Belly seems much better today. Still seems tender and bruised but only slightly. Not anything like it was yesterday when I broke down and ate 2 pain pills during the day.

Other than that feel okay. Bladder seems to be getting back to normal finally. Not all the way yet, but I can tell it is making its comeback. Discharge also seems to be easing up. That's good. It has been dragging on so long, I thought it would never go away. Only have when I wipe so no need for pads, but still it is there. They told me 3-7 days but it started on day 3 and is still there.

My work is p'ing me off. I emailed before surgery since owner out of town, week of surgery to let know I was fine. Nothing. Got one email asking if I got the flowers. I emailed back no. Got no response. Got them the next day. I emailed that I got them and thanked them for warming up my day. Got nothing. Emailed again the next week with an update. Nothing. DH goes to bowling and they said they emailed me twice. I have nothing. I called the next day and emailed, which was Tuesday. Got nothing. I went back and forth with accountant and owner cc'd on me not getting paid while off because I have no short term disability at work. Nothing. I asked to work from home in every email and phone call I made. Not one single response. Very frustrating. I am purposely being ignored. Must not want to pay me. Time are tough but at least give me the respect of a response. Let's you know they really do only think of themselves. Disappointed. I really could use a check while I'm off. Oh, well... I can't made them be human.
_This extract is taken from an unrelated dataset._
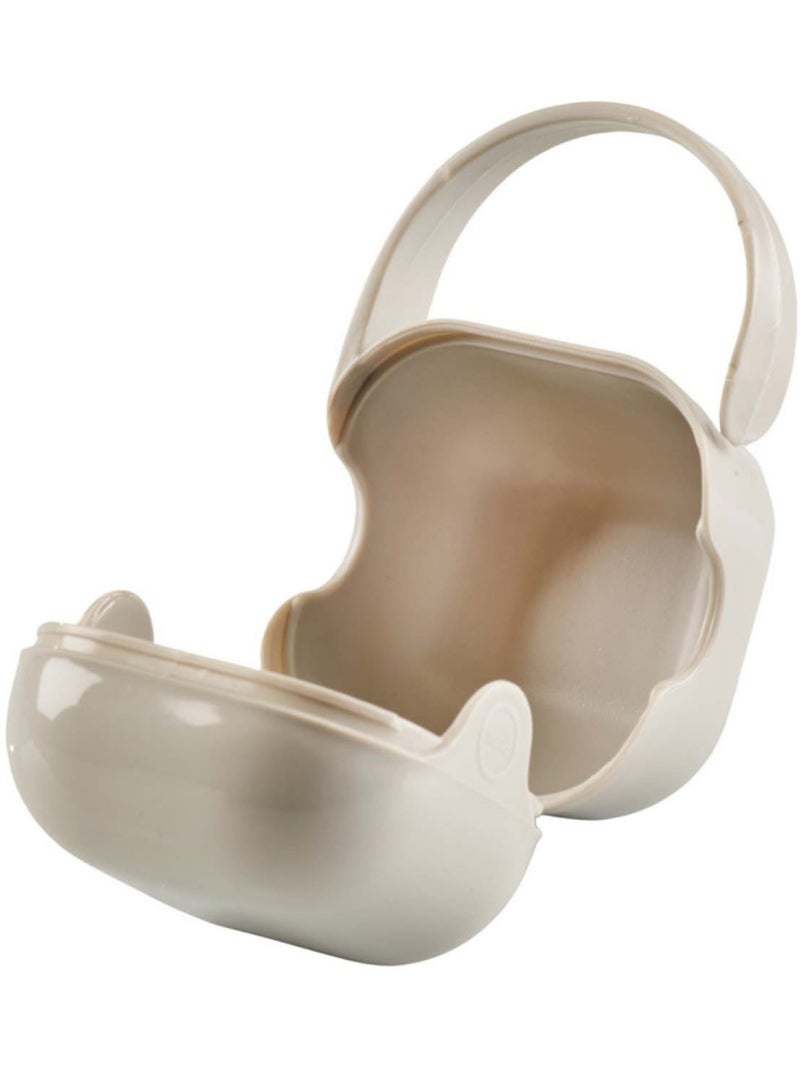 Scatola di trasporto Thermobaby per ciuccio, fino a due ciucci, PP Beige grigio - Kiabi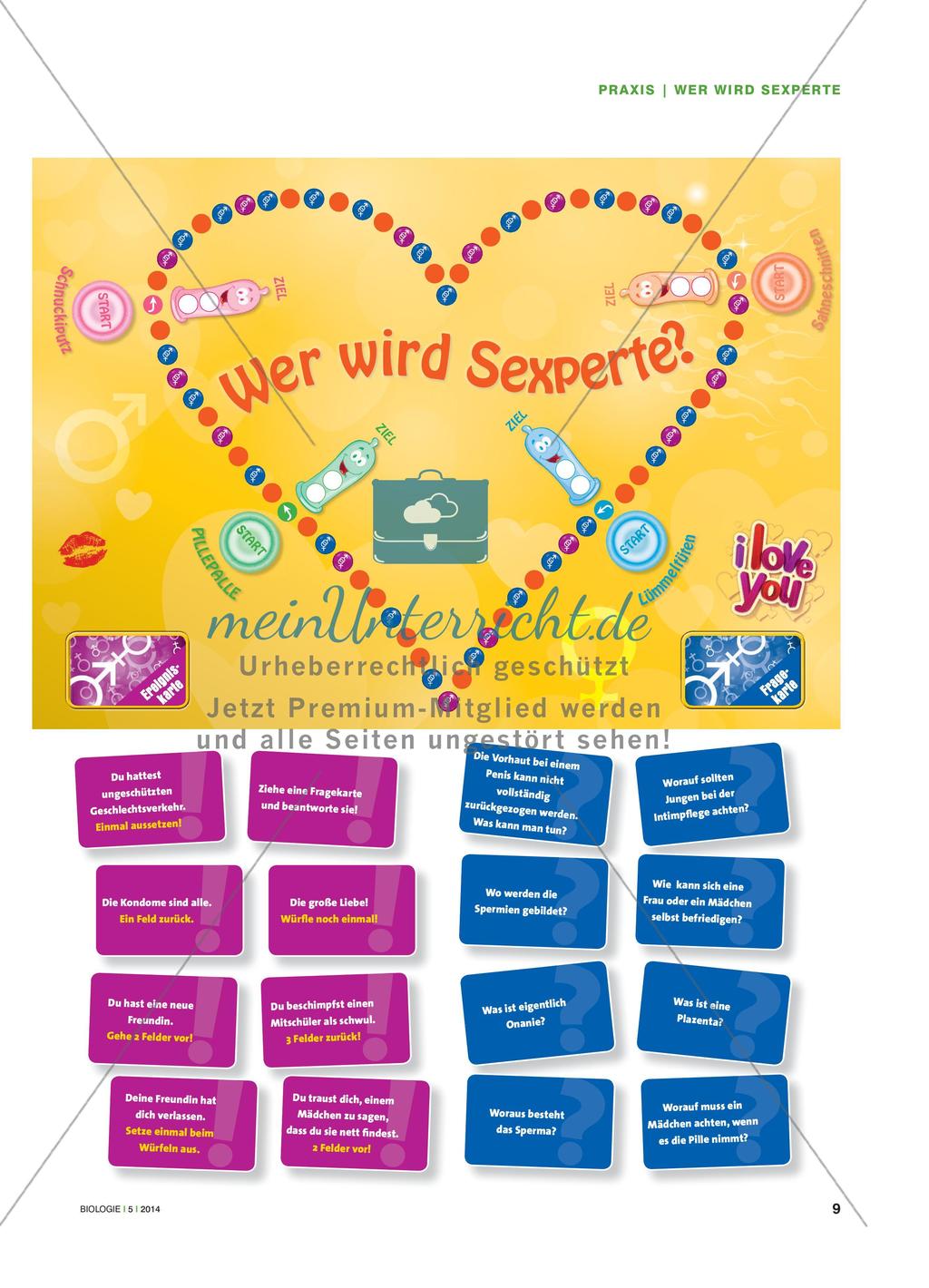 Wer wird Sexperte? - Über ein interaktives Wissensspiel ins Gespräch kommen Preview 4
My plan is going to be to take it easy today since so sore yesterday. Then, try to go out to dollar store for some items on Saturday. I need to get myself ready and built back up for my normal routine. Grocery store seems too much right now. So dollar store will do.

then I take DS to orthodontist on Tuesday so that's another day out. Dr. on Friday - another day out. Try to get out again that weekend. If I'm lucky - I'll get out on V-Day, but we'll see what DH has planned. I'm not saying anything and leaving it up to him this year. I do it all every other year. It's his turn.

So, backwards yesterday and forward again today!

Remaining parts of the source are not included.